2009-12-02, 8:53 PM #2
Other then changing his account to an admin account I don't see any. Windows 7 has the ability to disable UAC I think, maybe Vista has it too?
2009-12-02, 9:28 PM #3
You can run it as a service to bypass UAC I think
一个大西瓜
2009-12-02, 10:20 PM #4
Services can't interact with the desktop Pommy as of Windows Vista. No UI. In XP Services could ONLY interact with the first logged in user since they just happened to share a session. In Vista services get their own session, and thus can't interact with other user sessions any more than they could in XP (which have their own desktops).

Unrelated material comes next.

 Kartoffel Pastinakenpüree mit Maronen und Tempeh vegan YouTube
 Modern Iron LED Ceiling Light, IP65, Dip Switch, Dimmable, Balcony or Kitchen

Plus services need to use specific APIs, they can't be normal programs. Even if you use an app which is meant to run any program as a service (by launching the program from a service) you still don't get any UI.

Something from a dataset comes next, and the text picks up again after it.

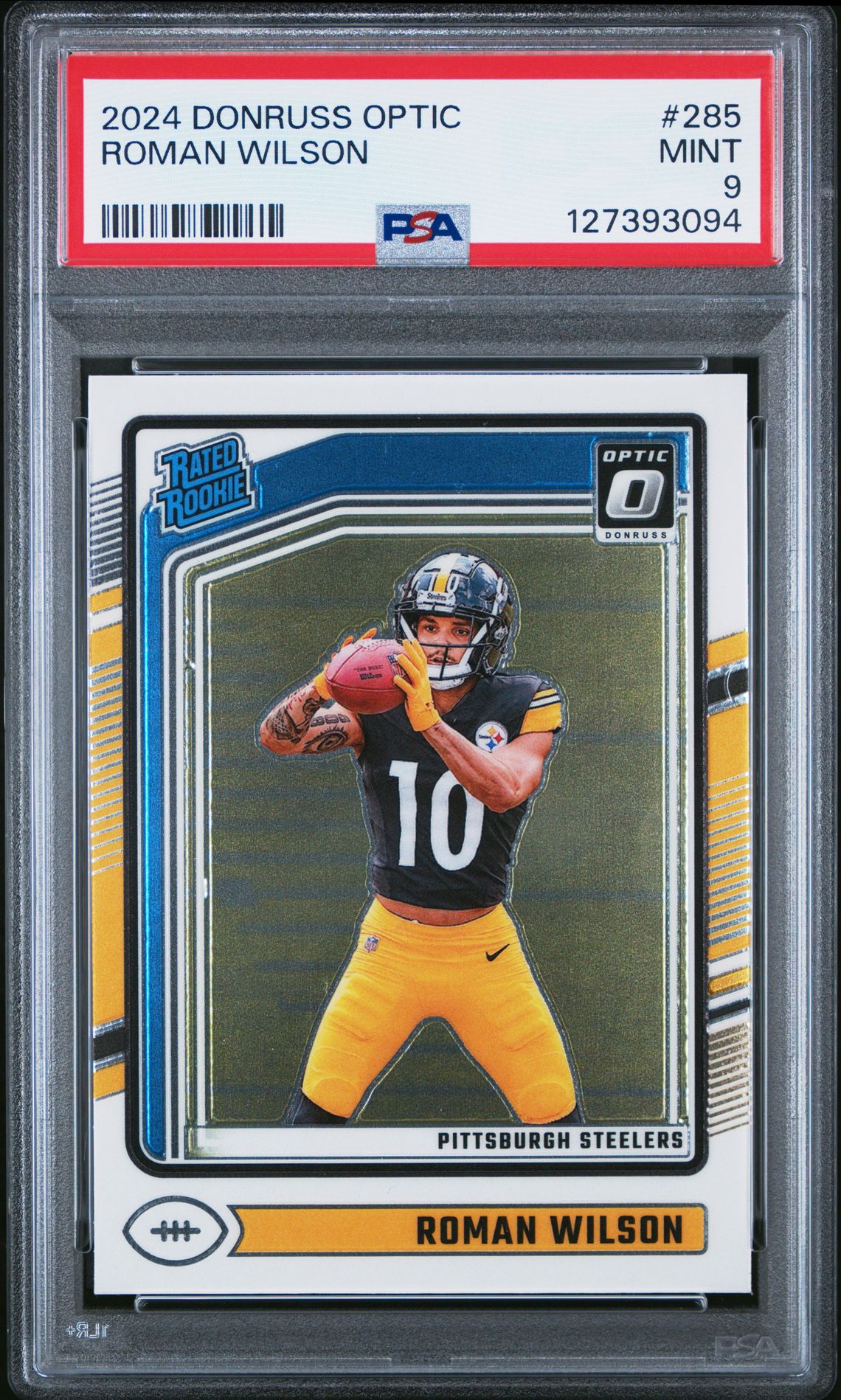 2024 Panini Donruss Optic Roman Wilson #285 Mint 9 front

Brian the only solutions are a) hope Sansa updates their tool to be Vista-compatible (they've had almost 3 years now, good luck) b) find a different program that is Vista-compatible that can upload videos on his eyePod clone or whatever a fuze is (good luck with that, vendor lock in and all is fun) c) make his account administrator (yeah you don't wanna do this) or d) have him call you when he needs to run it so you can input the password. It's probably also best to supervise until he closes it... it's easy to launch other apps elevated, even by accident, from an elevated process, giving him full Administrative access to the system. Which you said you didn't want.

I don't suppose this fuze thing can appear as a hard drive in My Computer, because that would be too easy and would make it difficult for them to force you to use their horrible program.

Tibby: Disabling UAC won't help here. Doing that would PREVENT the limited user account from running the program at all. It's only really useful for Administrator accounts since you already have the access rights and UAC just restricts you to simulate a Limited User environment, so you feel safer and so devs are encouraged to make apps that run as Limited User (it's not meant to protect from malware at all fyi, no matter how shield-ish the icon looks).

Secpol is probably part of the finer grained security and permissions management tools that are only included with the "expensive" Windows editions since usually businesses need them.

[Edit: Actually there's also an e) Figure out the permissions that the sansa tool requires and add them to his user account. However this assumes several things: 1) the permissions are accessible in the "home" edition. If you can't set permissions on files from the UI, rebooting into Safe Mode Administrator account may show the UI, and there are also free MS/other command line tools for all editions of Vista to maniupualte permissions. 2) the app does not auto-elevate, but crashes when you don't elevate it (ie it would be possible to run it not-elevated). Even if it does you may be able to force it not to elevate by hacking the manifest file in the EXE using ResHacker.

Anyways you'd ideally use Process Monitor to keep an eye on what the tool does up until it crashes or fails or whatever, then examine the log to see what it tried to access that failed, and then add the appropriate permissions to allow access.

One thing that might be doing it is that Program Files is not writable to Limited Users and apps which write to their own app folder (discouraged by MS, thus the change) will fail to work. Changing the permissions of the app folder to allow writes by Users group would fix this.]

2009-12-02, 10:22 PM #5
You don't have to use the Media Converter, it is just the easiest way to get videos the appropriate size and format fit for the Fuze. It shows up like a USB flash drive and you can drop files onto it.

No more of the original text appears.